Trop d’OGM tue l’OGM, et le Brésil en fait l’amère expérience. Selon l’Association des producteurs de soja et de maïs du Mato Grosso (Aprosoja-MT), le maïs Bt y serait devenu résistant au principal parasite présent dans le pays, la chenille de Spodoptera frugiperda (noctuelle américaine du maïs).

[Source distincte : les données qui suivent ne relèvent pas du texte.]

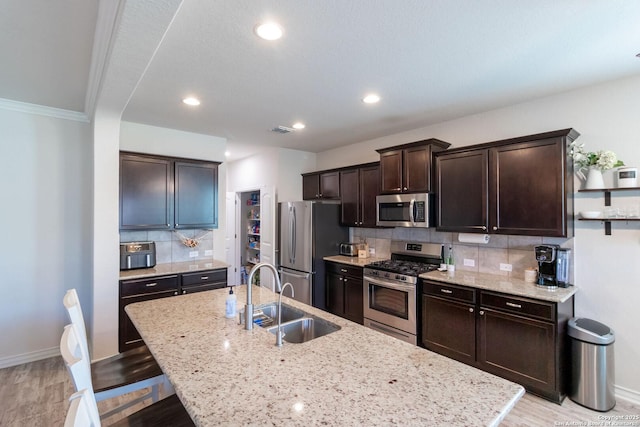 kitchen with sink, tasteful backsplash, a center island with sink, a kitchen breakfast bar, and stainless steel appliances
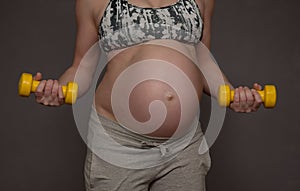 Pregnant woman is engaged in the gym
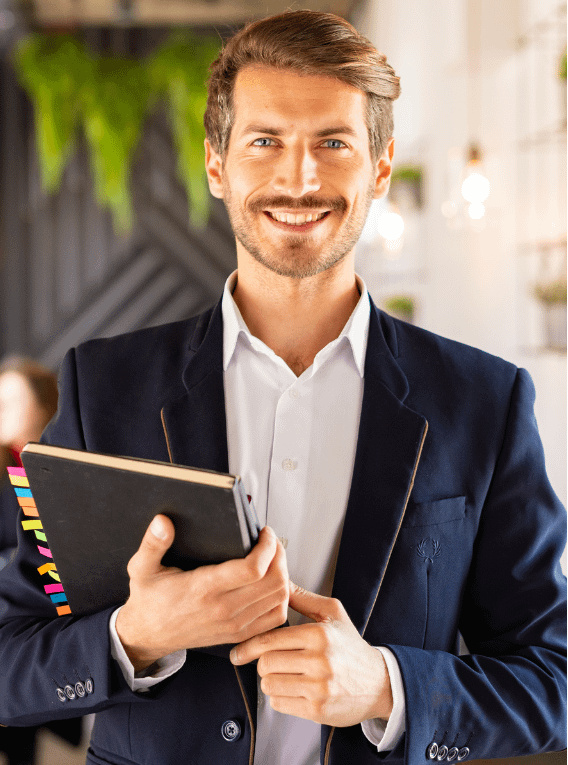 A confidently smiling professional individual holding a notebook in an office environment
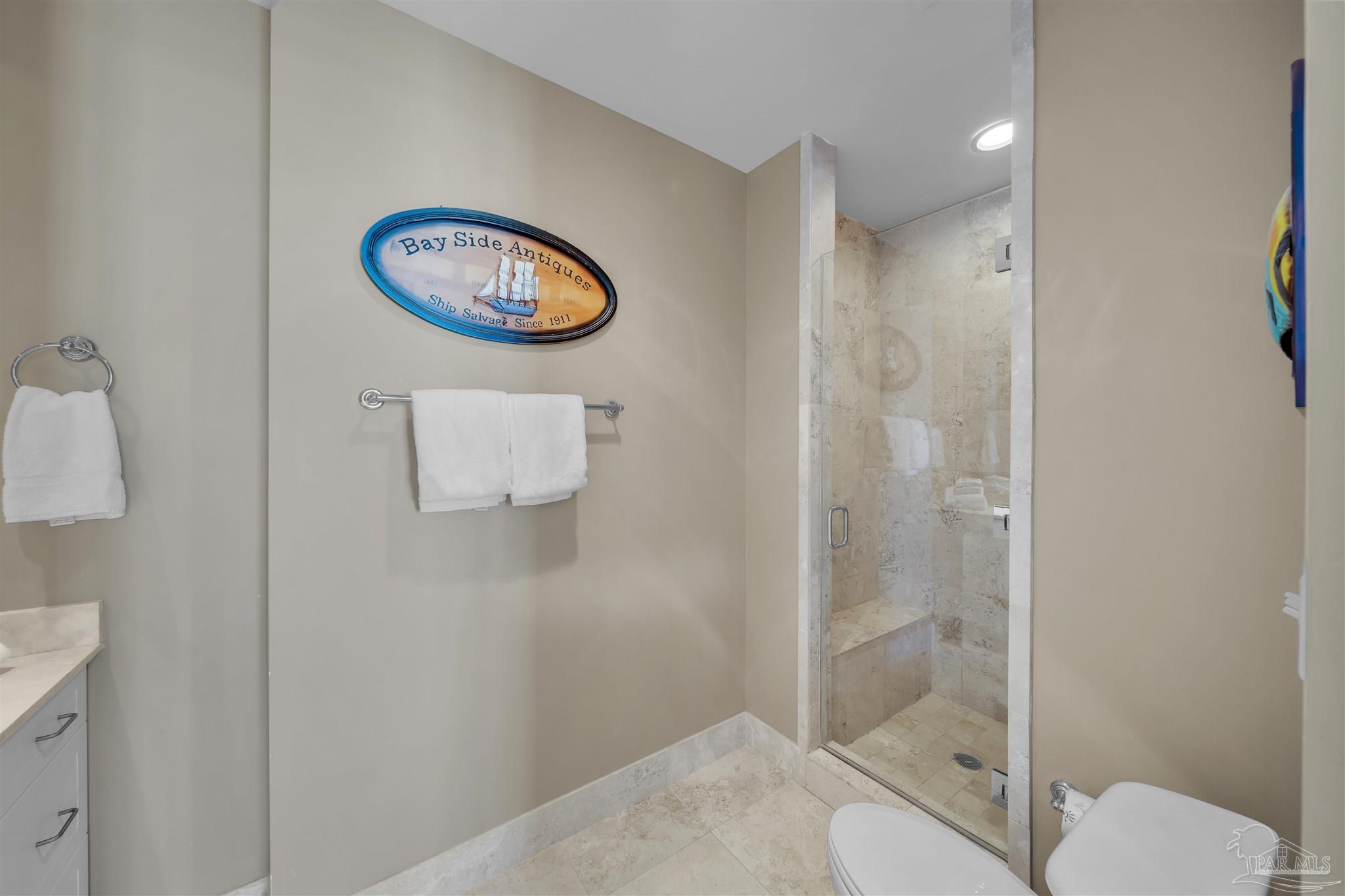 17361 Perdido Key Drive, Unit 1002W Perdido Key, FL 32507 - Photo 34 of 64 a bathroom with a sink and a mirror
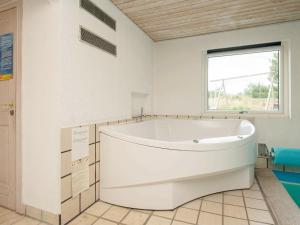 baño con una gran bañera blanca y ventana en 9 person holiday home in Bl vand, en Ho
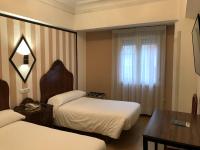 Posteľ alebo postele v izbe v ubytovaní Hostal La Mexicana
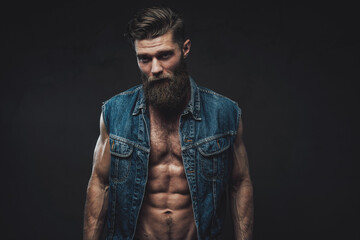 Muscular and self-confident guy with naked torso and beard with modern haircut posing in dark background.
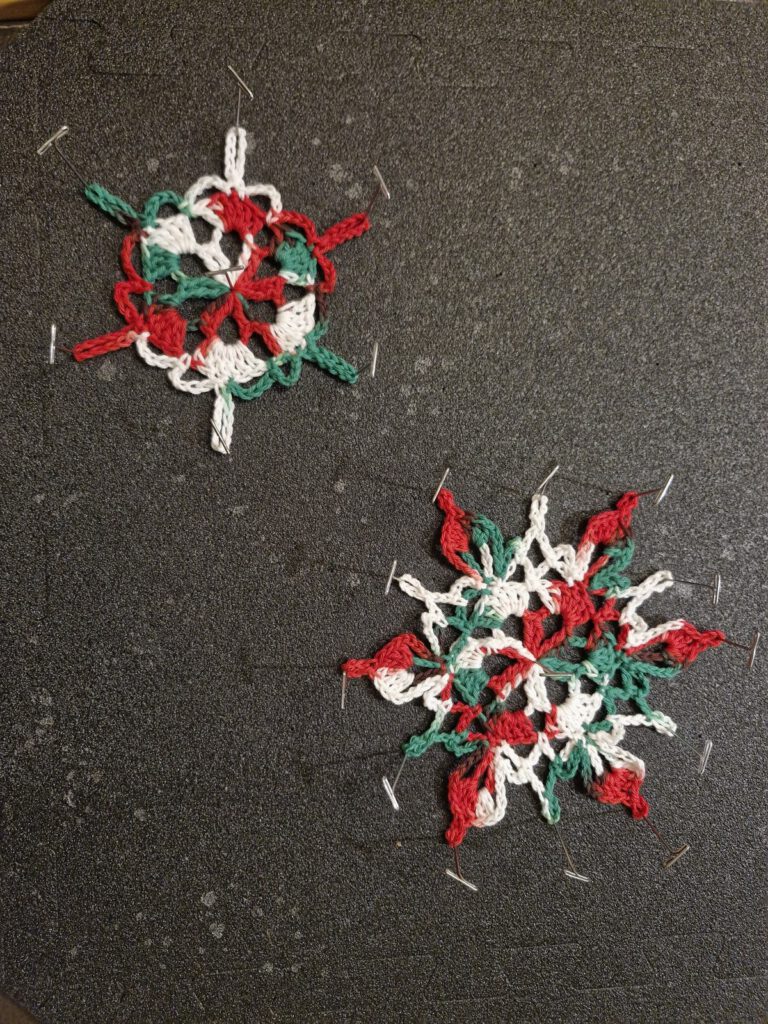 Two colorful crocheted snowflakes pinned for blocking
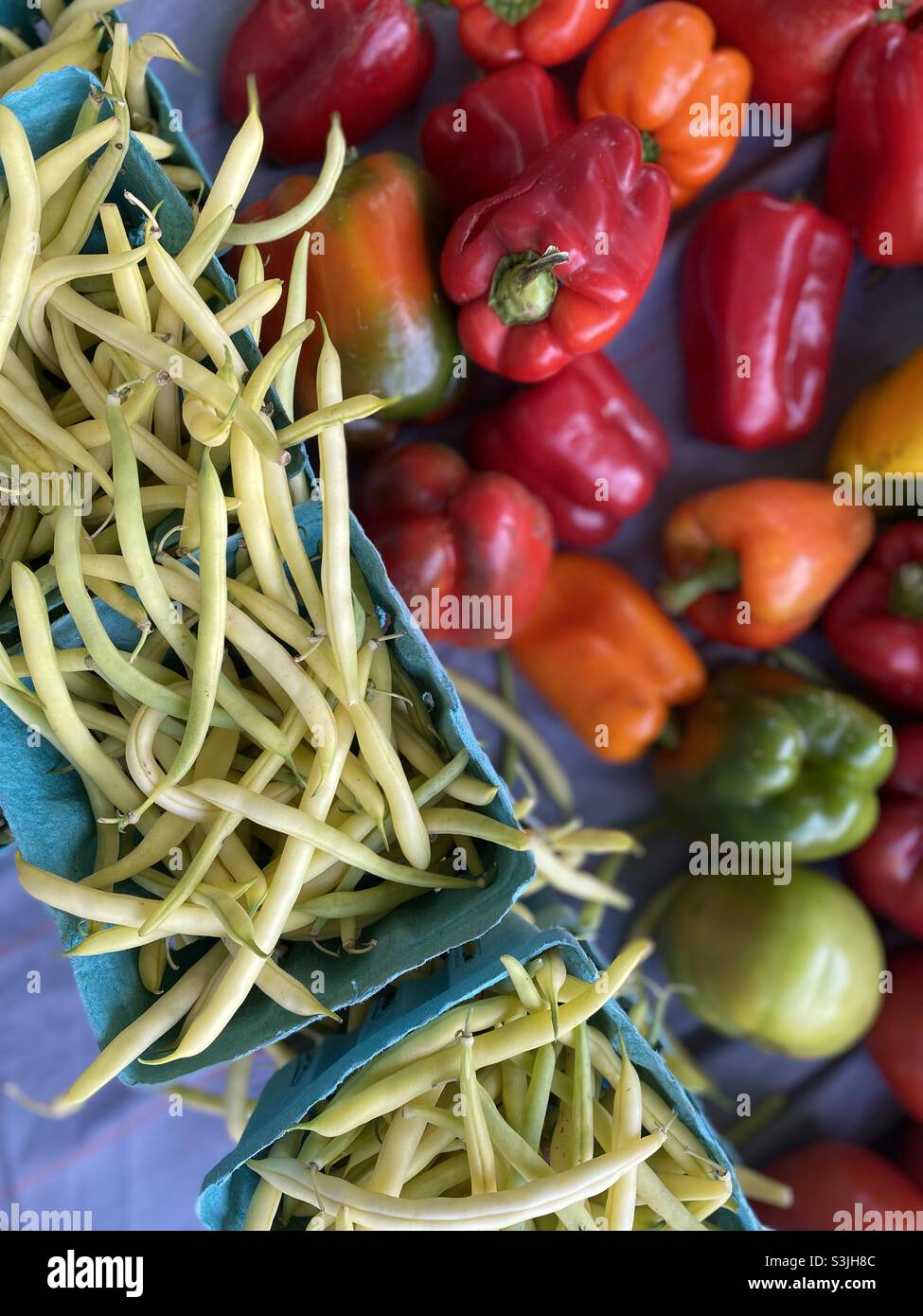 Overhead-Ansicht von Stringbohnen und Paprika auf dem Bauernmarkt. Stockfoto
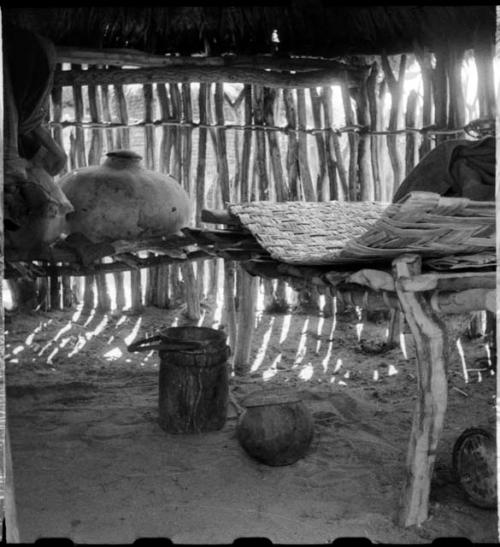 Woven mat, wooden bucket with leather handle, and large pot inside a storage hut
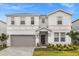 Two-story house with a gray garage door and landscaping at 3209 Lilac Way, Davenport, FL 33897
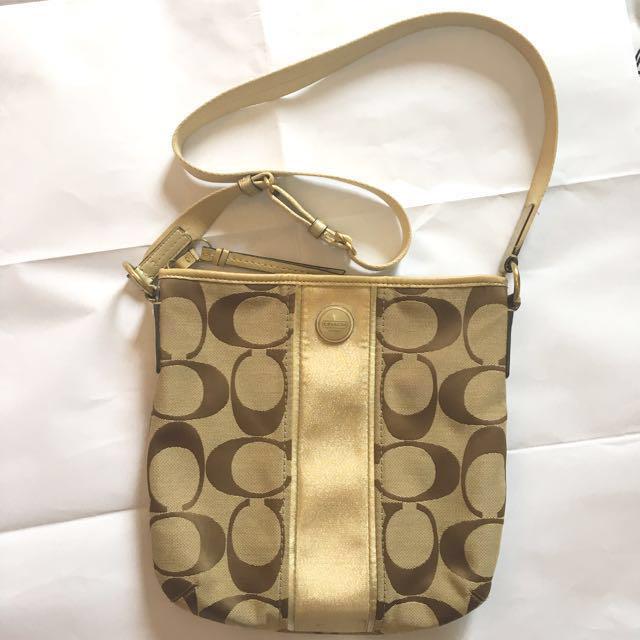 Coach canvas sling bag sales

Ce qui aurait poussé les producteurs à redoubler leurs épandages de pesticides. Dans un courrier envoyé aux quatre principaux semenciers (Monsanto, DuPont, Dow et Syngenta), l’association leur demande le remboursement de ces traitements, théoriquement inutiles avec un maïs Bt opérant.

Selon l’agence de presse Reuters, les entreprises affirment avoir conseillé aux producteurs de planter une partie de leur champ avec des semences standard, afin d’éviter l’émergence de résistances chez les parasites.

Interrogé à ce sujet par Reuters, le président d’Aprosoja-TM, Ricardo Tomczyk, déclare au contraire que les compagnies n’ont donné aucune consigne claire à ce sujet. De plus, «il y a très peu de semences non-OGM disponibles» dans le pays, ajoute-t-il, jugeant «très désagréable» d’entendre les compagnies rejeter la faute sur les producteurs.

«Nous souhaitons que les entreprises nous apportent une solution rapide pour les pertes occasionnées, ainsi qu’un moyen de dédommager les producteurs lésés», déclare Ricardo Tomczyk dans un communiqué. Selon lui, «il s'agit là du cas typique d’un produit qui promet un résultat au final jamais obtenu, c’est-à-dire de la publicité mensongère».

En Inde, les OGM sous pression

Au-delà du Brésil, les semenciers traversent également une mauvaise passe en Inde, où des associations nationalistes ont fait pression, mardi 29 juillet, sur le ministre de l’environnement Prakash Javadekar afin qu’il mette fin aux essais d’OGM en champ. En cause, le coût environnemental dépasserait tout bénéfice potentiel en matière de rendement, qui reste d’ailleurs à démontrer.

Très à l’écoute des milieux nationalistes, le nouveau gouvernement de Narendra Modi, en place depuis fin mai, affirme n’avoir pris aucune décision à ce sujet, selon le quotidien indien The Economic Times. Ce qui n’a pas empêché les actions de Monsanto India de perdre 14,4% de leur valeur depuis cette rencontre.